Raymond James Bank, based out of St. Petersburg, Florida and founded in 1962, is the 40th largest bank in the US by asset size with $80.9 billion.
Raymond James Bank is one subsidiary of Raymond James Financial which offers a wide range of financial services and products to individuals, corporations and municipalities.
For the purpose of this review, we will focus on Raymond James Bank CDs (certificates of deposit) and the brokered CDs offered through Raymond James Financial and their wealth management division.
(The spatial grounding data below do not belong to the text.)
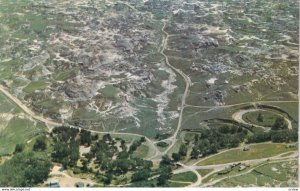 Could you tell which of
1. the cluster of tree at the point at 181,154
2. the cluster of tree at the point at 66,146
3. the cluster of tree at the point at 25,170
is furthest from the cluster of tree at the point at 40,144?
the cluster of tree at the point at 181,154

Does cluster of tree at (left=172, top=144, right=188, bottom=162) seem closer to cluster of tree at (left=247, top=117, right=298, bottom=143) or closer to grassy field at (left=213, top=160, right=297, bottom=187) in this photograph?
grassy field at (left=213, top=160, right=297, bottom=187)

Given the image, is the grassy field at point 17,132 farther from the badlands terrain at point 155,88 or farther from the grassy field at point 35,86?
the grassy field at point 35,86

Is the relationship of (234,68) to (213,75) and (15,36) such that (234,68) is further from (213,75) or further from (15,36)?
(15,36)

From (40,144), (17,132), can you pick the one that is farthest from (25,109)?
(40,144)

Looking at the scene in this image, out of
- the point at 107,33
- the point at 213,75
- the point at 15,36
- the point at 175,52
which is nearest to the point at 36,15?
the point at 15,36

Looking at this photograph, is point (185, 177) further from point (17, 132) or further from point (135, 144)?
point (17, 132)

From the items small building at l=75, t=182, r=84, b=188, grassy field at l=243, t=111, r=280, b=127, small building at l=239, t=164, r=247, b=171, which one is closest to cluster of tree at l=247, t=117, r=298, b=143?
grassy field at l=243, t=111, r=280, b=127

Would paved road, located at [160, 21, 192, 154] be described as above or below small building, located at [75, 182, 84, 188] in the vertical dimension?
above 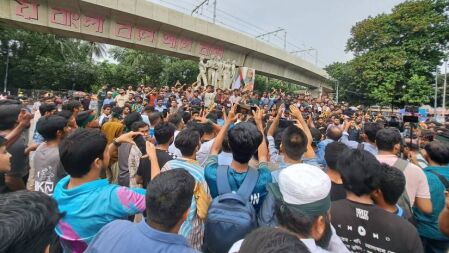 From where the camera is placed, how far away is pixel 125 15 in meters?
12.4

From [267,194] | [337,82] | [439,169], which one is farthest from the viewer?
[337,82]

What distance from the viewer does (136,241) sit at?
122 cm

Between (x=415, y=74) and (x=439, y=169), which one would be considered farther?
(x=415, y=74)

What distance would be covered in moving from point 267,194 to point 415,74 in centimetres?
2674

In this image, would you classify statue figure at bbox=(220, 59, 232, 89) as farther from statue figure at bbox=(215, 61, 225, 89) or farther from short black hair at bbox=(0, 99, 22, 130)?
short black hair at bbox=(0, 99, 22, 130)

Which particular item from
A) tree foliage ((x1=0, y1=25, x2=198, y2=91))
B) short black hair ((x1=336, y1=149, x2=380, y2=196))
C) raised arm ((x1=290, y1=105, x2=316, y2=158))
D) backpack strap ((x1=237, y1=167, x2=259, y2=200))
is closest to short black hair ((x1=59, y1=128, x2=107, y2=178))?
backpack strap ((x1=237, y1=167, x2=259, y2=200))

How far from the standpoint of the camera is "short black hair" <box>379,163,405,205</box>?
1.92 m

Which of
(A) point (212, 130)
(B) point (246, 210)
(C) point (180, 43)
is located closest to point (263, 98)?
(C) point (180, 43)

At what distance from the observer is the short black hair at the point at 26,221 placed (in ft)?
2.51

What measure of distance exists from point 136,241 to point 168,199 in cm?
22

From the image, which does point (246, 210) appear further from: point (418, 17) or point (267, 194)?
point (418, 17)

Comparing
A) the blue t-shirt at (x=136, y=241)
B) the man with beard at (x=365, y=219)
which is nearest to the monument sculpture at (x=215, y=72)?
the man with beard at (x=365, y=219)

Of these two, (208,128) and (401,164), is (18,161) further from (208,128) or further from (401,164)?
(401,164)

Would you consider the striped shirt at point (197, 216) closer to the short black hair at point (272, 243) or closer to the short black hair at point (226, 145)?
the short black hair at point (226, 145) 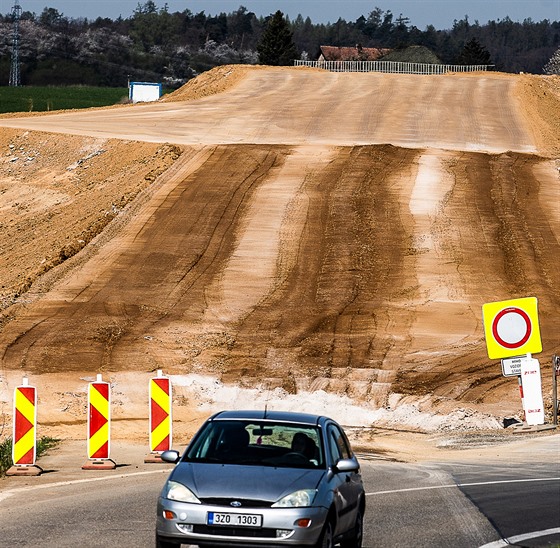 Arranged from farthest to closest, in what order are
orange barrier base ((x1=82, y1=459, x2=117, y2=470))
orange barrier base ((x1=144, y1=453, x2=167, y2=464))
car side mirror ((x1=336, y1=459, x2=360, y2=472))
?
orange barrier base ((x1=144, y1=453, x2=167, y2=464)) → orange barrier base ((x1=82, y1=459, x2=117, y2=470)) → car side mirror ((x1=336, y1=459, x2=360, y2=472))

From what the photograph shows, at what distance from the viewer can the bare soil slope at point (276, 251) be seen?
80.8 ft

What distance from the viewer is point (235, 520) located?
9727mm

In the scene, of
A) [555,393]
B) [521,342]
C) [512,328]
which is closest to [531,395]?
[555,393]

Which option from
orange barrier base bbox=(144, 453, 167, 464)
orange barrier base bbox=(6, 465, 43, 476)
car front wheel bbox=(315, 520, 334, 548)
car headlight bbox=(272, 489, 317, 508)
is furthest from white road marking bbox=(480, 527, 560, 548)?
orange barrier base bbox=(6, 465, 43, 476)

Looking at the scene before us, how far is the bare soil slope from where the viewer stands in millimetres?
24641

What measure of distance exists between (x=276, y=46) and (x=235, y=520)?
112m

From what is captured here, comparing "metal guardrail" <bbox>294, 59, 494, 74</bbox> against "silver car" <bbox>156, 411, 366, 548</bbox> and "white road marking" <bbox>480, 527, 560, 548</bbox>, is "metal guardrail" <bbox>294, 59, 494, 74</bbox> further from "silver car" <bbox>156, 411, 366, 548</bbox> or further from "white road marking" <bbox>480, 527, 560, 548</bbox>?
"silver car" <bbox>156, 411, 366, 548</bbox>

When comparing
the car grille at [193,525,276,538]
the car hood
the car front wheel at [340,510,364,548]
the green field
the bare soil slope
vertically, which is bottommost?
the green field

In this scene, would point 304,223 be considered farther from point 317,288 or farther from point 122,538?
point 122,538

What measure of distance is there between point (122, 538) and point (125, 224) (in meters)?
26.0

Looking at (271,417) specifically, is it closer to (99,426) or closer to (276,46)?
(99,426)

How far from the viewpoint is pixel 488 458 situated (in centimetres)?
Answer: 1839

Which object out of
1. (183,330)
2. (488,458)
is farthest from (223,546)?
(183,330)

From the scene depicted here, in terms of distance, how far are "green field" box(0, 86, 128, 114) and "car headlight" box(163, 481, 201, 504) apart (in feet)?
256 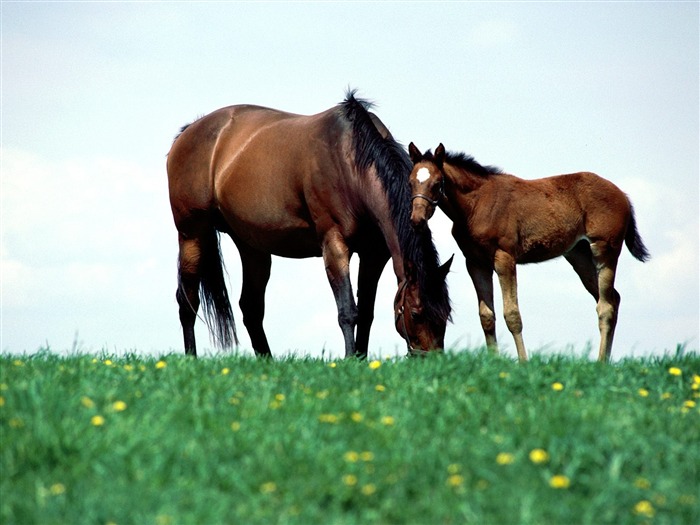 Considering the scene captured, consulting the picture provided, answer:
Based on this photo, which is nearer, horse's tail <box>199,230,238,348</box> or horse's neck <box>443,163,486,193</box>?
horse's neck <box>443,163,486,193</box>

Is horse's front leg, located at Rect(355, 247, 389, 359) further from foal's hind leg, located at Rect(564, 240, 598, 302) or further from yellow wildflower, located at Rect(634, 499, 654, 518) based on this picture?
yellow wildflower, located at Rect(634, 499, 654, 518)

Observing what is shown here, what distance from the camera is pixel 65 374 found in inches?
268

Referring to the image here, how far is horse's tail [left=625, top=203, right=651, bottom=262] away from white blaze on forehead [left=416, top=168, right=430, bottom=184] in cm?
371

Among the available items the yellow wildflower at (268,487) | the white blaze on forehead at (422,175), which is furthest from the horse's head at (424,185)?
the yellow wildflower at (268,487)

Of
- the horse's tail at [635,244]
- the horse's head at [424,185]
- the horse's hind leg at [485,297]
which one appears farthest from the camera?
the horse's tail at [635,244]

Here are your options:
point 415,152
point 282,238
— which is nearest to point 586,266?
point 415,152

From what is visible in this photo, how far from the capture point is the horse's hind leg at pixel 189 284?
1221cm

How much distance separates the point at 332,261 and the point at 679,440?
4.62 metres

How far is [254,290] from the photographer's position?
39.9 feet

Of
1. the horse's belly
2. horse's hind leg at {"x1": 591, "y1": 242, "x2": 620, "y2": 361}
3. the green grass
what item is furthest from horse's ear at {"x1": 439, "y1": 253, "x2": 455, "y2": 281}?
horse's hind leg at {"x1": 591, "y1": 242, "x2": 620, "y2": 361}

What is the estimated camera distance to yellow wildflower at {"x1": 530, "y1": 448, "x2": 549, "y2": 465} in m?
5.00

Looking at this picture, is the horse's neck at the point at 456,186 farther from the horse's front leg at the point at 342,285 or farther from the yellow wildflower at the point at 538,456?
the yellow wildflower at the point at 538,456

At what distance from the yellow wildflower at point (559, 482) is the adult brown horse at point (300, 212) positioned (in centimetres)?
407

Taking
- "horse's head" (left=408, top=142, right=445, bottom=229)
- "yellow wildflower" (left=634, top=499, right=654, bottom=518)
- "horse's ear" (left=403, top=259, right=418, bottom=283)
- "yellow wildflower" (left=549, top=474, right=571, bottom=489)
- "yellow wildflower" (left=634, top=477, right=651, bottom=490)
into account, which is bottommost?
"yellow wildflower" (left=634, top=499, right=654, bottom=518) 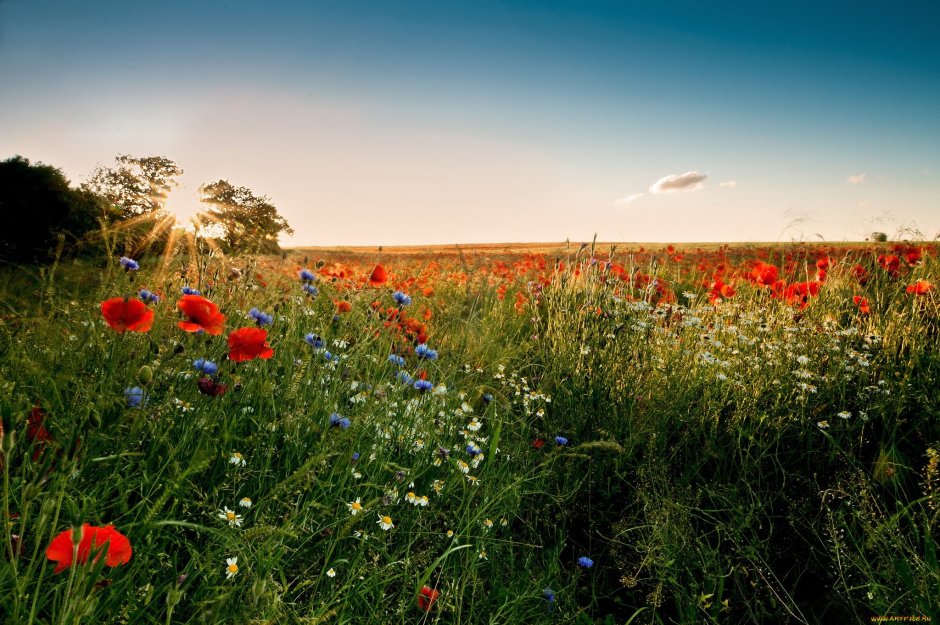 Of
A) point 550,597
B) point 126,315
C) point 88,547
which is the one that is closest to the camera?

Both their bank CDs and their brokered CDs are FDIC-insured, however, the FDIC insurance on the brokerage side comes from Raymond James Financial’s partner banks, whereas Raymond James Bank CDs are federally insured through Raymond James Bank’s own FDIC insurance.
On the banking side, Raymond James Bank offers a handful of competitive CD rates with 8 terms to choose from ranging from 90 days to 60 months.
On the brokerage side, Raymond James also offers 8 terms ranging from 90 days to 60 months but with slightly more competitive rates.
To see if either of these CDs may be right for you, continue reading our review below.
Raymond James CD Rates + Account Details
Raymond James Bank is member FDIC and all deposits are federally insured up to $250,000 per depositor.
Raymond James Bank CDs have a minimum deposit requirement of $1,000. If you’re purchasing them through a Raymond James brokerage account the minimum deposit requirement is $5,000. The rates and APYs (annual percentage yields) are the same regardless of how you open them. But keep in mind you can also purchase brokered CDs through your brokerage account with slightly better yields (shown further below).
Bank CD Rates
CD Term | APY |
90 days | 4.15% |
6 months | 5.30% |
12 months | 5.35% |
18 months | 4.18% |
24 months | 5.05% |
36 months | 3.85% |
48 months | 3.65% |
60 months | 3.50% |
To put these yields into perspective, the current national average for 12 and 60 month CDs sits at just 1.72% and 1.37% APY, respectively, according to FDIC data.
That said, there are now a number of online banks and credit unions with nationwide acceptance offering yields of 5.25% and 4.50% APY for the same respective terms following the Fed’s most recent rate hike.
Early withdrawal penalties apply to all of Raymond Bank’s CDs. You can contact them for details and/or to open an account.
How do Raymond James CD Rates Compare
Take a look at the table below to see how Raymond James Bank CD rates compare to other FDIC-insured banks.
Bank | Best CD Rate |
Citizens Bank | 4.50% |
Morgan Stanley | 5.42% |
TD Bank | 5.00% |
Raymond James | 5.35% |
How Much Can You Make with a Raymond James Bank CD?
The amount of money you can earn with a Raymond James Bank CD is going to depend on your deposit size, the CD term you select and its APY (annual percentage yield). Below are some potential earnings assuming a deposit size of $100,000.
CD Term | APY | Earnings |
6 months | 5.30% | $2,615.79 |
12 months | 5.35% | $5,350.00 |
24 months | 5.05% | $10,355.03 |
60 months | 5.35% | $29,769.52 |
Brokered CD Rates
Raymond James Financial’s brokered CDs are not issued by Raymond James Bank, they are issued by the banks and/or credit unions that Raymond James Financial has partnered with. If you’d like to learn more, you can take a look at their brokered CD disclosure form here or read more about brokered CDs in general here.
There is a minimum deposit requirement of $1,000 and you may only purchase them in increments of $1,000.
CD Term | APY |
3 months | 5.15% |
6 months | 5.25% |
9 months | 5.25% |
12 months | 5.30% |
24 months | 5.05% |
36 months | 4.80% |
48 months | 4.65% |
60 months | 4.45% |
Compounding and Crediting Interest
CDs with terms of 1 year or less generally pay interest upon the maturity of your CD. For longer term CDs with durations of up to 5 years, you’ll be offered monthly, quarterly or semiannual interest payments.
Interest is not compounded with brokered CDs and interest payments become available for withdrawal rather than being returned to the CD for further compounding.
Grace Period and Early Withdrawal Fees
The grace period is the brief time upon your CDs maturity in which you may close it out or modify it without facing any early withdrawal fees. Generally if nothing is done during the grace period your CD will automatically renew with the same term and the going APY at that time. With Raymond James and their brokered CDs, however, there is no grace period because your CD does not automatically renew. Upon its maturity you may buy another CD if you’d like the funds to reinvest.
There are also no early withdrawal fees on brokered CDs because there is generally a secondary market in which you may sell them on rather than breaking the CD with the bank. This is the case with Raymond James Financial.
If you need the funds from your CD prior to its maturity, you may sell it on the secondary market.
📌 Please note: If you sell your CD on the secondary market it will go for current market prices at that time which may be more or less than your original purchase price.